* Requirement
Bring together every line in the data that includes "Toyota".

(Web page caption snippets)
┌──
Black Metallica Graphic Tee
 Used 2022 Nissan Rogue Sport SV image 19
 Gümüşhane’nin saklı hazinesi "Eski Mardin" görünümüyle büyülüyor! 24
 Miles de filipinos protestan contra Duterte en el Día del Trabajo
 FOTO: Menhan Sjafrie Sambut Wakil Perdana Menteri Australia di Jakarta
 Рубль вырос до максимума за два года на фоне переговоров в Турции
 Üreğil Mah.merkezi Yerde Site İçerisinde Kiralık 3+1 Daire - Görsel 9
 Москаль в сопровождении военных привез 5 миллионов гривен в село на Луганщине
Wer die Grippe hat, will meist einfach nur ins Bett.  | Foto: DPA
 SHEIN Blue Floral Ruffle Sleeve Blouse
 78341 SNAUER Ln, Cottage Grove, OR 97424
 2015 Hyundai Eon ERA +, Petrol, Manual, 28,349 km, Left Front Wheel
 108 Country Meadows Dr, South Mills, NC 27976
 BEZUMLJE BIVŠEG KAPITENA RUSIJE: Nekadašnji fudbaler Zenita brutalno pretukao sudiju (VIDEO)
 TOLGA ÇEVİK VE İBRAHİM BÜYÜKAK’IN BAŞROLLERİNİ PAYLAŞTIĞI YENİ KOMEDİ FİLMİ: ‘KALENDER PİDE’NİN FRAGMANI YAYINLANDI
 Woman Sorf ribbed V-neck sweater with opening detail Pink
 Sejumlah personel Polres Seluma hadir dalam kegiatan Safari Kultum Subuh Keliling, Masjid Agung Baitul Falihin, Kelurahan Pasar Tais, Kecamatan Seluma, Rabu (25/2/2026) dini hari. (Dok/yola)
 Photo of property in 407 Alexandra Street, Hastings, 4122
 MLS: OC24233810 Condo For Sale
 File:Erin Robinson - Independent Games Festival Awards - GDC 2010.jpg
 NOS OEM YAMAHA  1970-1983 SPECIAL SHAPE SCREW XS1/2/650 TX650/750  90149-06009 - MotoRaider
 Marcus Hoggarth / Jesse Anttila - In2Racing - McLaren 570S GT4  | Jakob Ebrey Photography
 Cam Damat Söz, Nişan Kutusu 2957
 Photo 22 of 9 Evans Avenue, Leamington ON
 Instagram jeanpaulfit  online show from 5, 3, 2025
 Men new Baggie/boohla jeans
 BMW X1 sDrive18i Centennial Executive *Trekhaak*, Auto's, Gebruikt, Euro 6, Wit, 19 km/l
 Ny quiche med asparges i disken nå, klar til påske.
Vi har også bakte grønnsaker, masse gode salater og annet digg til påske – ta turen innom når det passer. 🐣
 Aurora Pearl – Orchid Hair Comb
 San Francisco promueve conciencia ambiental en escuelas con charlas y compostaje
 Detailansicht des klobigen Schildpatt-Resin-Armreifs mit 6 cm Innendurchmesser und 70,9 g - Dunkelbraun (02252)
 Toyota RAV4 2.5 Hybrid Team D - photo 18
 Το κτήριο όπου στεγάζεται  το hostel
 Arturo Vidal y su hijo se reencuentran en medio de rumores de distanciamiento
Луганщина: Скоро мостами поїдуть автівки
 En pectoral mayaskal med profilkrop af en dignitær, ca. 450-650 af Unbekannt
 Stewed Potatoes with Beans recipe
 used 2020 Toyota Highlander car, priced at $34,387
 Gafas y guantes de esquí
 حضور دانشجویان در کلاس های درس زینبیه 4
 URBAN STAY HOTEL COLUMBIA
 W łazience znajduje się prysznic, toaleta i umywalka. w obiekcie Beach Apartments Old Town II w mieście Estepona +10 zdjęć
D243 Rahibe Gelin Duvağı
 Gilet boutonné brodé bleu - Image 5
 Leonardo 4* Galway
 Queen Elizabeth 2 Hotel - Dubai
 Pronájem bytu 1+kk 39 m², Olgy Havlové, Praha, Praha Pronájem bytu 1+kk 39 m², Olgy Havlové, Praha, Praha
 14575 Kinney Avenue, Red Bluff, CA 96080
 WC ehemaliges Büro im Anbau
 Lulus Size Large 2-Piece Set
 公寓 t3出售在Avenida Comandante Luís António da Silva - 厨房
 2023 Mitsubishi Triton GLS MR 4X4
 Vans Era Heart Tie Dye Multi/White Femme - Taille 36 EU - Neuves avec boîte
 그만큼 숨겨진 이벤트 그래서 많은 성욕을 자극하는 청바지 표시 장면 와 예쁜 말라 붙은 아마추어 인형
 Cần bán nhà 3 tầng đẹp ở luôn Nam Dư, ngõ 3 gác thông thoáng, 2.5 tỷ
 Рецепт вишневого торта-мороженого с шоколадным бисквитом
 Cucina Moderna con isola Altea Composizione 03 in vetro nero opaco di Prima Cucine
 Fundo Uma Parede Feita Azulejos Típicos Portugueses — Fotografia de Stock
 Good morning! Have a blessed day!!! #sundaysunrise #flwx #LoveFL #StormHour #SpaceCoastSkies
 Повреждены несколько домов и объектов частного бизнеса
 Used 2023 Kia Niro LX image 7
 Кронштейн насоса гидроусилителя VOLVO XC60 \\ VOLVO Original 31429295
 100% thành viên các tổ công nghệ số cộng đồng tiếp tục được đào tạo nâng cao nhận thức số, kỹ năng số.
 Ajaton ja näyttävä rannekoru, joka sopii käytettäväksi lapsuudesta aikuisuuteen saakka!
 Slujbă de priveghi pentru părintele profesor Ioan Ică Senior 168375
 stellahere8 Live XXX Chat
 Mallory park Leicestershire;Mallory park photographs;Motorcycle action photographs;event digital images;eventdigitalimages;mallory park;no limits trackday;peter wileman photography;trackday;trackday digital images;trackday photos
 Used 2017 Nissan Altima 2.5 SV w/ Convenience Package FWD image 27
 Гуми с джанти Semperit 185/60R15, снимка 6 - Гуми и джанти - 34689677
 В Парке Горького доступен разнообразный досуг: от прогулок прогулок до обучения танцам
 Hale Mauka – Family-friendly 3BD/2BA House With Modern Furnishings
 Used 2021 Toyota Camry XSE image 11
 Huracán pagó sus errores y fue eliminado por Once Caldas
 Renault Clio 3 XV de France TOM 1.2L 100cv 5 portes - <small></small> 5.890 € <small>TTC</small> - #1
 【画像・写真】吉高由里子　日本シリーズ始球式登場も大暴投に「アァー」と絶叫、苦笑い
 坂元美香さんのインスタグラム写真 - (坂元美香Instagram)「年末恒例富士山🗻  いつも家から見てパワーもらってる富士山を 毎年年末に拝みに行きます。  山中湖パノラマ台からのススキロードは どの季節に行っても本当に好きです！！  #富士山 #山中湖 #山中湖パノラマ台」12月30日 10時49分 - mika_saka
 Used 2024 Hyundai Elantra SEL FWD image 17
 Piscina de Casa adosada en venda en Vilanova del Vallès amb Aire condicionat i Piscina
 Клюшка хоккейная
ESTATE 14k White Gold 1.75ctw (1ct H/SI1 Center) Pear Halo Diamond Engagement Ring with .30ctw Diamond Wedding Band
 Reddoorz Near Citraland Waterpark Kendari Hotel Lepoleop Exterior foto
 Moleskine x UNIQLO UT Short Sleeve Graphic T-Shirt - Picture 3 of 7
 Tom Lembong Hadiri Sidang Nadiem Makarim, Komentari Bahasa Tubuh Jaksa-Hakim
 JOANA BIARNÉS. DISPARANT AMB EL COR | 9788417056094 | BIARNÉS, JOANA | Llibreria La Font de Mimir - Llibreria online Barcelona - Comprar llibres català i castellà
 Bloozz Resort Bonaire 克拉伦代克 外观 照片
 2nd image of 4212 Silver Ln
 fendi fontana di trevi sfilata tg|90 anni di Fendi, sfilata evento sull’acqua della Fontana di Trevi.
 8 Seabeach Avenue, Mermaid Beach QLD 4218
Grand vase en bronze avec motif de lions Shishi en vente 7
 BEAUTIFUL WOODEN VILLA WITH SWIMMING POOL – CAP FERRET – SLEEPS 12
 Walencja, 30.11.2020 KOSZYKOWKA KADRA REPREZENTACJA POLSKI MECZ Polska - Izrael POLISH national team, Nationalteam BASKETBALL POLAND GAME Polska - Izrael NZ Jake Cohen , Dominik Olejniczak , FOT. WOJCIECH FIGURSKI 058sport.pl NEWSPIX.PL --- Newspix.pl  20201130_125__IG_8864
└──
* Response
 Toyota RAV4 2.5 Hybrid Team D - photo 18
 used 2020 Toyota Highlander car, priced at $34,387
 Used 2021 Toyota Camry XSE image 11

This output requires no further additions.